First of all, please download my data set from http://alexandervanloon.nl/survey_oss.csv and then execute the following content of a script to get a few scatter plots:
# read data and attach it
survey <- read.table("survey_oss.csv", header=TRUE)
attach(survey)
# plot for inhabitants
png("scatterINHABT.png")
plot(INHABT, OSSADP, xlab="Inhabitants", ylab="Adoption of OSS", las=1)
abline(lm(OSSADP~INHABT)) # regression line (y~x)
dev.off()
# plot for inhabitants divided by 1000
png("scatterINHABT_divided.png")
plot(INHABT/1000, OSSADP, xlab="Inhabitants", ylab="Adoption of OSS", las=1)

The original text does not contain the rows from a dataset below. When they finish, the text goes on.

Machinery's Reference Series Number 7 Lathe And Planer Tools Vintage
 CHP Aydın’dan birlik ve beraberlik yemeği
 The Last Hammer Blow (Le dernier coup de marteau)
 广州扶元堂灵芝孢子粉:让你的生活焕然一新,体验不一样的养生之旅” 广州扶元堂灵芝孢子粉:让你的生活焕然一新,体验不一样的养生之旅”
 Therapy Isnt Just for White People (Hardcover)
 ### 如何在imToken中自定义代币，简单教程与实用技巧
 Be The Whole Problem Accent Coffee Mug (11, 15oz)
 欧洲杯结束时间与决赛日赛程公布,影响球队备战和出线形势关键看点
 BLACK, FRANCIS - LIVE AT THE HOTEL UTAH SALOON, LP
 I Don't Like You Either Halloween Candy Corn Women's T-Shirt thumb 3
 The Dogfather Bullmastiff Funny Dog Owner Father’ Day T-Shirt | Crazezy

abline(lm(OSSADP~INHABT)) # regression line (y~x)
dev.off()
# plot for inhabitants in logarithmic scale
png("scatterINHABT_log.png")
plot(INHABT, OSSADP, xlab="Inhabitants", ylab="Adoption of OSS", las=1, log="x")
abline(lm(OSSADP~INHABT)) # regression line (y~x)
dev.off()
# plot for inhabitants in logarithmic scale and divided by 1000
png("scatterINHABT_log_divided.png")
plot(INHABT/1000, OSSADP, xlab="Inhabitants", ylab="Adoption of OSS", las=1, log="x")
abline(lm(OSSADP~INHABT)) # regression line (y~x)
dev.off()
As you can see, in the first scatterplot the problem is that R
decides to use scientific notation and the data looks odd because of outliers. That's why I'd like to have the inhabitants on x-axis in thousands and have the x-axis use a logarithmic scale as well.
The problem is twofold. First, I can get rid of scientific notation by simply dividing the inhabitants by 1000, but this produces a flat horizontal regression line unlike the first plot. I know there are other ways to fix this such as Do not want scientific notation on plot axis but I couldn't adapt the code there to my situation.
Second, switching the x-axis to a logarithmic scale also makes the regression line flat. Google points to https://stat.ethz.ch/pipermail/r-help/2006-January/086500.html as a first result for a possible solution and I tried using abline(lm(OSSADP~log10(INHABT)))
which is suggested there, but that produces a vertical regression line. And if I divide both by 1000 and use a logarithmic scale, the line is also horizontal.
I'm a social scientist without any background in mathematics and statistics, so I fear I might have missed something obvious, if so my apologies. Thank you all very much for any potential help.